[[ Records for the task, beginning ]]

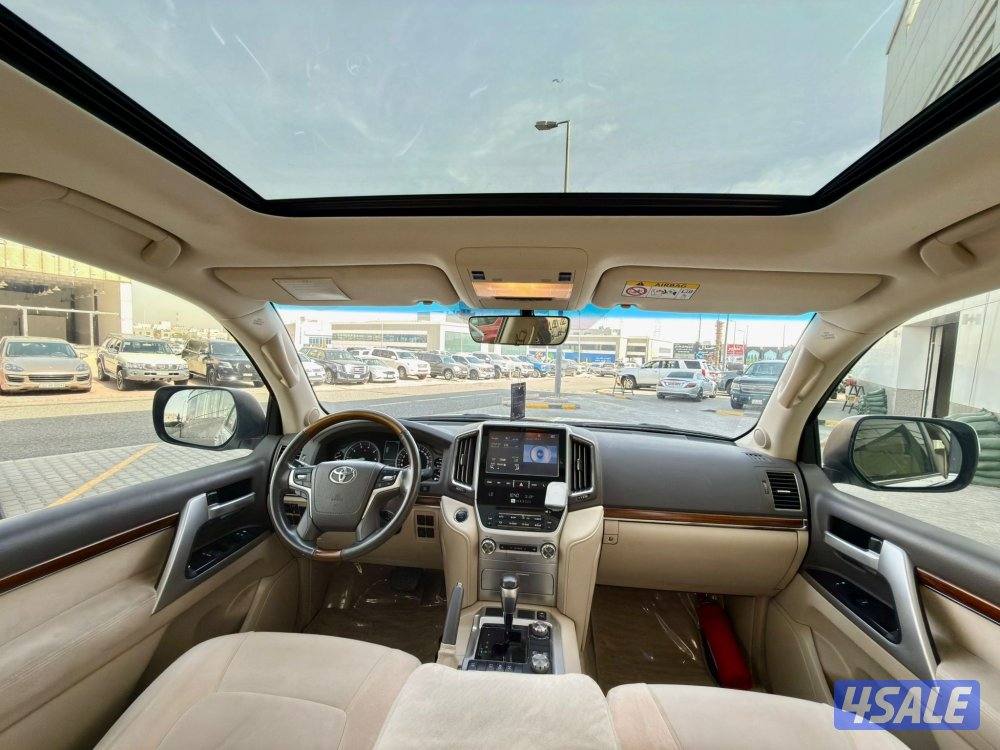 لاند كروزر 2018 وارد قطر VXR5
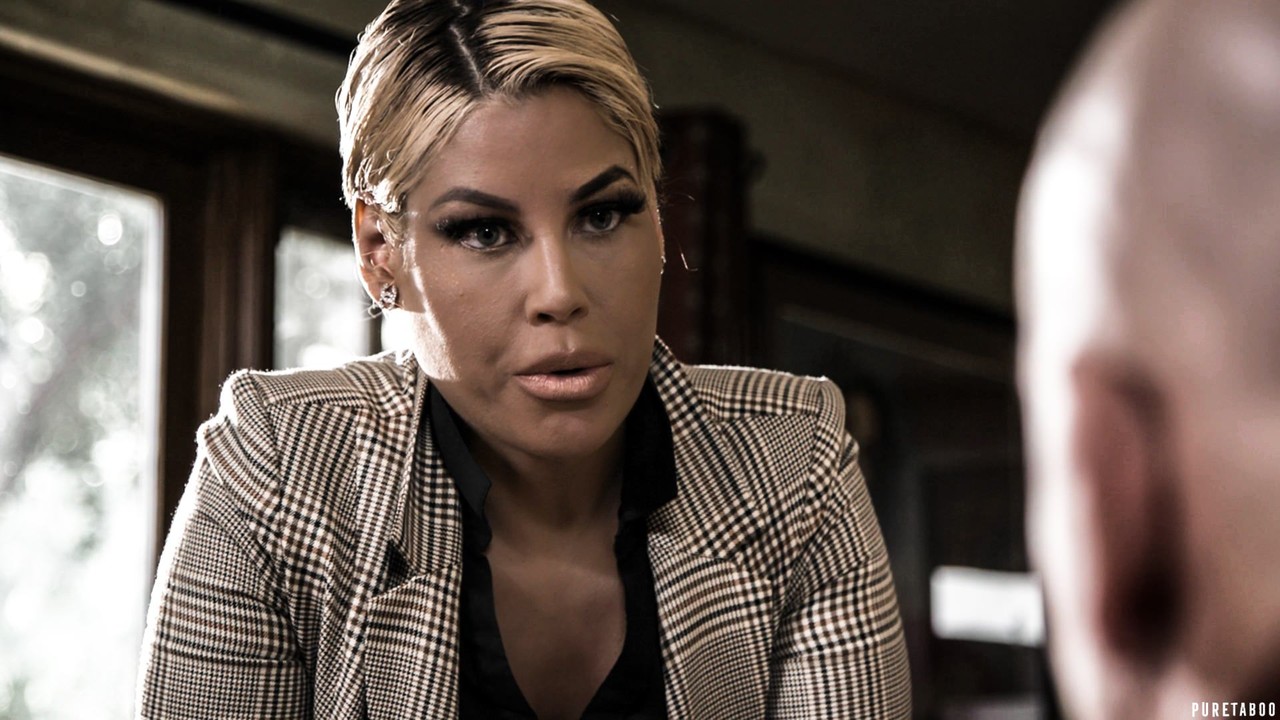 21P Directora Bridgette B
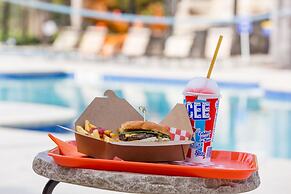 Vibrant Home With Spacious Pool!#6st5504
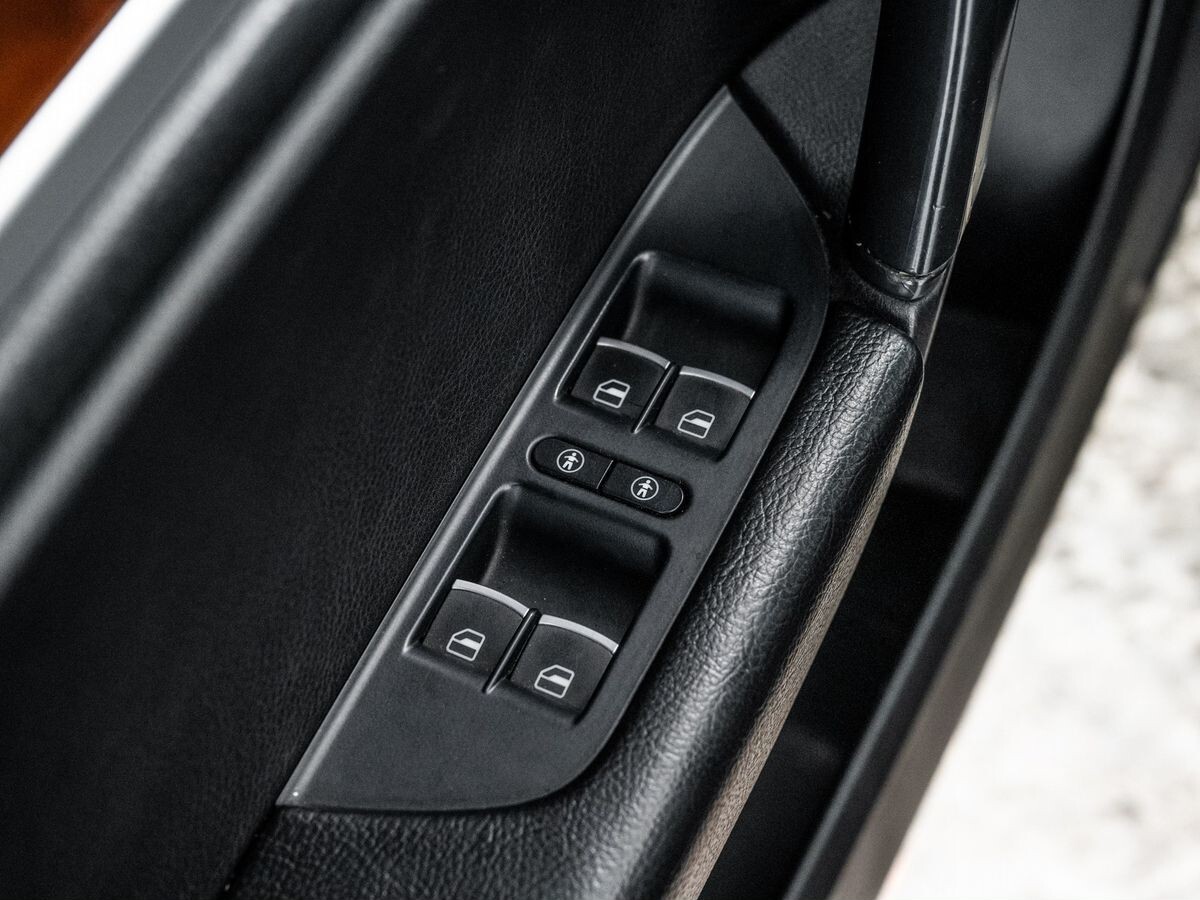 Volkswagen Touareg 2010 - фото автомобиля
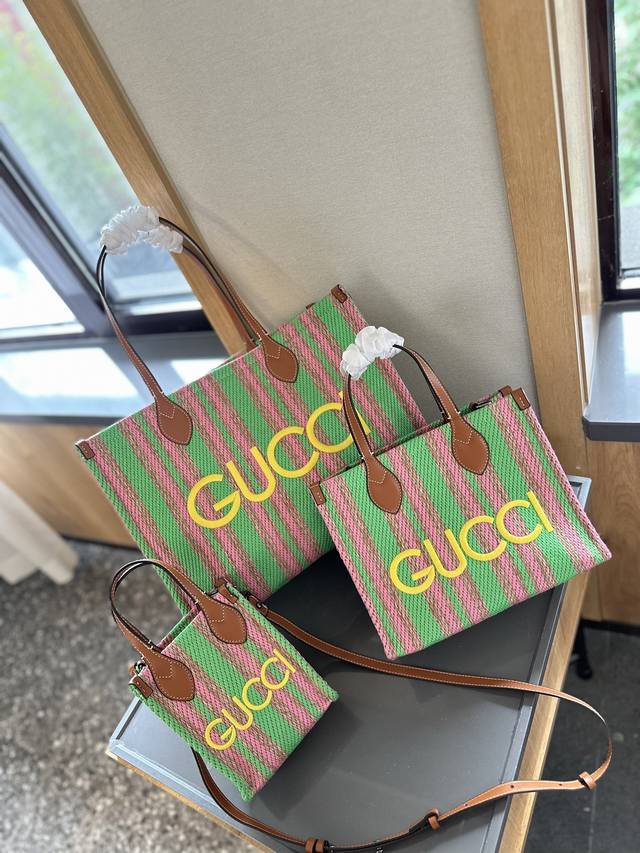 礼盒包装 Gucci 新品 拉菲草编 Tote 菜篮子 购物袋手提托特斜挎单肩多用 炒鸡百搭实用的一款 喜欢的美妞赶快入手吧 店主推荐 质量超赞 尺寸 ：大号4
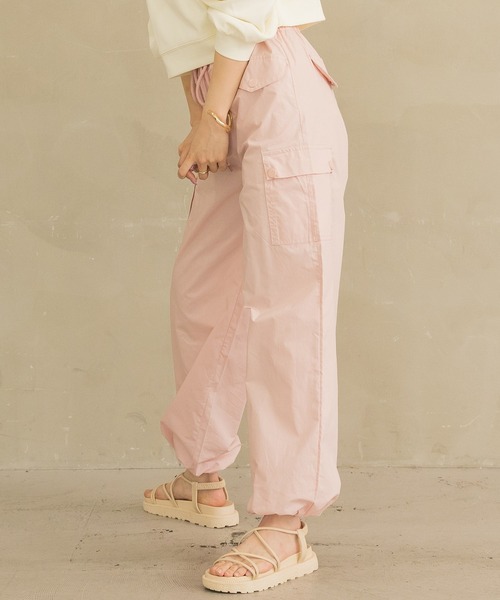 DAY CLOSET（デイ クローゼット）の「レディース ラフシルエットバルーンカーゴパンツ（カーゴパンツ・レディース・ピンク/アイボリー・S/M/L）」の13枚目の写真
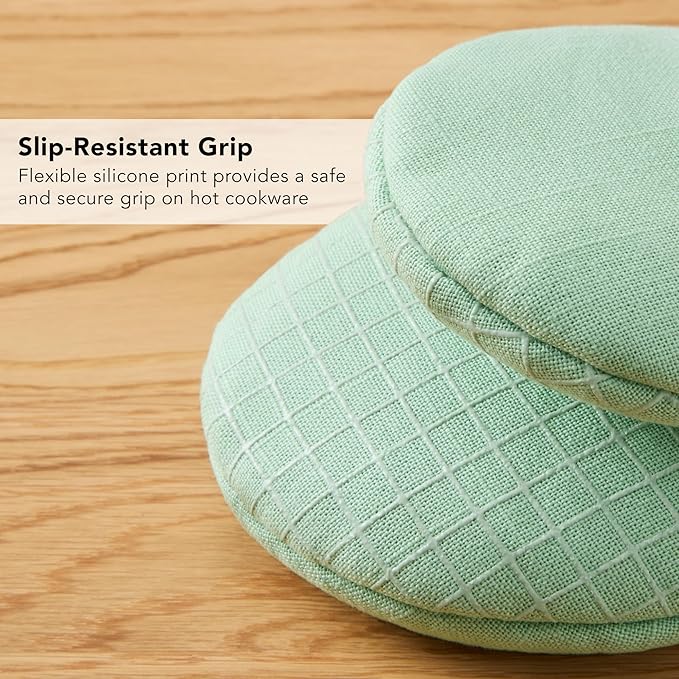 KITCHENAID Gourmet Series Gridlines Mini Oven Mitts 2-Pack Set, Heat Resistant up to 600°F, Soft Silicone Grip, Magnetic Cuff, Pistachio Green, 5.5"x9"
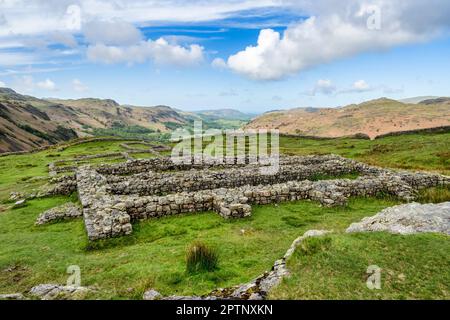 Die Überreste der römischen Festung in Mediobogdum, Hardknott Pass, Cumbria, mit Blick auf Eskdale. Stockfoto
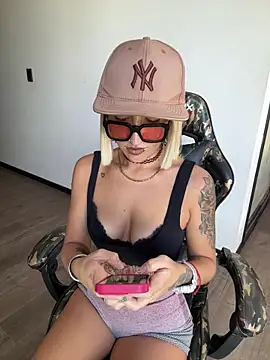 lolalatinaa online show from 02-20-26, 09:04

[[ Records for the task, end ]]

- What you are asked to do: The answer is the full set of records printed exactly, less the pictures.

- Exercise response:
 لاند كروزر 2018 وارد قطر VXR5
 21P Directora Bridgette B
 Vibrant Home With Spacious Pool!#6st5504
 Volkswagen Touareg 2010 - фото автомобиля
 礼盒包装 Gucci 新品 拉菲草编 Tote 菜篮子 购物袋手提托特斜挎单肩多用 炒鸡百搭实用的一款 喜欢的美妞赶快入手吧 店主推荐 质量超赞 尺寸 ：大号4
 DAY CLOSET（デイ クローゼット）の「レディース ラフシルエットバルーンカーゴパンツ（カーゴパンツ・レディース・ピンク/アイボリー・S/M/L）」の13枚目の写真
 KITCHENAID Gourmet Series Gridlines Mini Oven Mitts 2-Pack Set, Heat Resistant up to 600°F, Soft Silicone Grip, Magnetic Cuff, Pistachio Green, 5.5"x9"
 Die Überreste der römischen Festung in Mediobogdum, Hardknott Pass, Cumbria, mit Blick auf Eskdale. Stockfoto
 lolalatinaa online show from 02-20-26, 09:04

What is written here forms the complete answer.